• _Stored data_
BEGIN

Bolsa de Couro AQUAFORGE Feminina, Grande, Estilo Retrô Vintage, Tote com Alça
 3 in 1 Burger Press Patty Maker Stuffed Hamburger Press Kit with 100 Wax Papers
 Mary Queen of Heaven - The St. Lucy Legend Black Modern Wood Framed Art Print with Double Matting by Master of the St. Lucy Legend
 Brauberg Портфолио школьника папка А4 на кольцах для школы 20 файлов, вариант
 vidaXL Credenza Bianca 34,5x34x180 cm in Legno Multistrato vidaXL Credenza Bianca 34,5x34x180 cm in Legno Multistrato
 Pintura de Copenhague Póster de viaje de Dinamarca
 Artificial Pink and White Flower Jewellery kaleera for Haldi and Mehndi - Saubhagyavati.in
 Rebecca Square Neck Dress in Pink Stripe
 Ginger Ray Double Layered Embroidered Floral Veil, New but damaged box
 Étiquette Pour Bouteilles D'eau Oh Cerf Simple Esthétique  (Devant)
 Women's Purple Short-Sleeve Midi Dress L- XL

END

• _THE TASK_
Without changing a single word, reproduce the entries above.

• _EXERCISE SOLUTION_
Bolsa de Couro AQUAFORGE Feminina, Grande, Estilo Retrô Vintage, Tote com Alça
 3 in 1 Burger Press Patty Maker Stuffed Hamburger Press Kit with 100 Wax Papers
 Mary Queen of Heaven - The St. Lucy Legend Black Modern Wood Framed Art Print with Double Matting by Master of the St. Lucy Legend
 Brauberg Портфолио школьника папка А4 на кольцах для школы 20 файлов, вариант
 vidaXL Credenza Bianca 34,5x34x180 cm in Legno Multistrato vidaXL Credenza Bianca 34,5x34x180 cm in Legno Multistrato
 Pintura de Copenhague Póster de viaje de Dinamarca
 Artificial Pink and White Flower Jewellery kaleera for Haldi and Mehndi - Saubhagyavati.in
 Rebecca Square Neck Dress in Pink Stripe
 Ginger Ray Double Layered Embroidered Floral Veil, New but damaged box
 Étiquette Pour Bouteilles D'eau Oh Cerf Simple Esthétique  (Devant)
 Women's Purple Short-Sleeve Midi Dress L- XL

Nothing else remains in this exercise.